# New Snare Day/New Module day/Bunch of new drumsticks/Snare holder



## xeonblade (Jul 31, 2012)

Complete kit without wiring and module at the moment.







Traded my DM10 module for used Roland PD-120 (470$ retail price) and 250e.










Got new Roland MDH-12 holder for the snare.






Lots different drumstick to try out. 5B, 5A Vic Firth NOVA hickory, 5A, 7A locally made maple.






And a module to connect all that shit to. Paid around 120e for this one, new.











NEED TO BUY:

Gibraltar Intruder Double pedal, direct drive
1 crash cymbal
1 splash cymbal


----------



## ZEBOV (Jul 31, 2012)

ZEBOV likes this.
Good score!

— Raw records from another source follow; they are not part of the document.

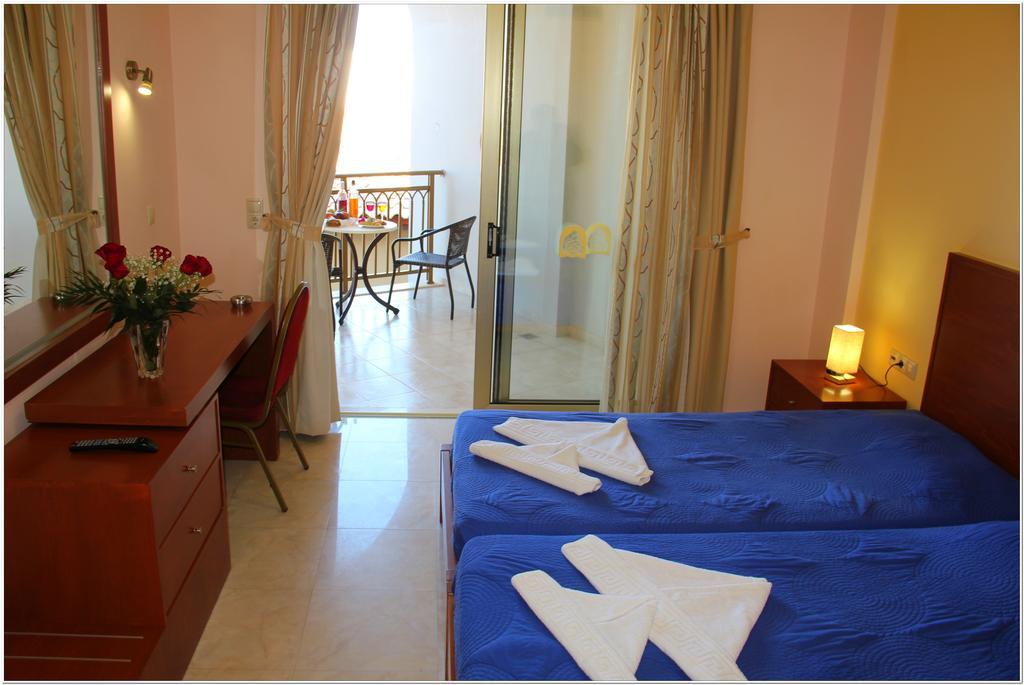 Agelia Beach Hotel Sfáka Екстериор снимка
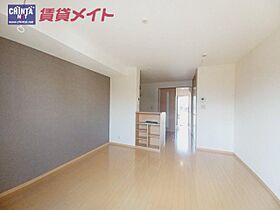 EverGreen Agarito 205 ｜ 三重県鈴鹿市岡田３丁目（賃貸アパート1R・2階・30.03㎡） その3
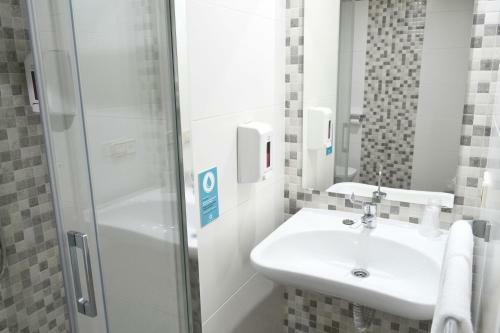 Hotel Hostal Alda Puerta Coru�a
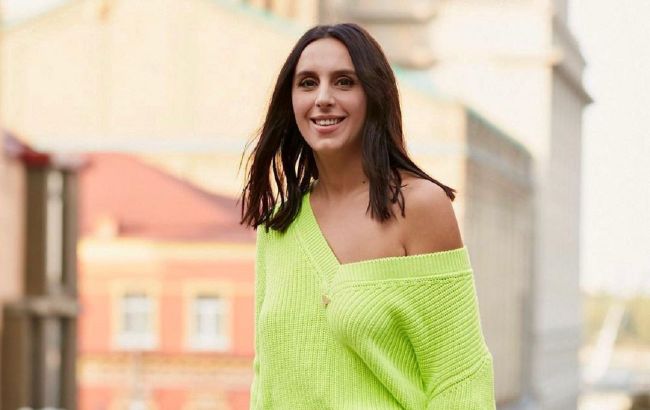 Сама чарівність: Джамала підкорила стильним повсякденним луком в платті в горох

I love my DM10 Studio.


----------



## xeonblade (Aug 1, 2012)

Stay tuned for new drumchair and double pedal day.


----------



## themike (Aug 1, 2012)

Let me know how you like the triggerIO - I'm guessing you'll be using it to connect to a DAW based software (Superior)?


----------



## xeonblade (Aug 1, 2012)

th3m1ke said:


> Let me know how you like the triggerIO - I'm guessing you'll be using it to connect to a DAW based software (Superior)?



Trigger IO > Toontrack Solo > Superior

I'll do a review when I get my cables for the pads.


----------



## iron blast (Aug 3, 2012)

Sweet setup man. I got a similar setup. I still need one of the Alesis 12" snare pads to use as a floor tom on my kit. I got a 14" Pintech acu snare for my main snare. I'll use one of the 10" pads as an Aux snare pad when I get my Alesis 12" snare. I also want to sell both of the 8" kick pads and get 18" acoustic ones with triggers and mesh heads. The 8" kick pads slide all over the place


----------



## iRaiseTheDead (Oct 20, 2012)

Looks quite perty


----------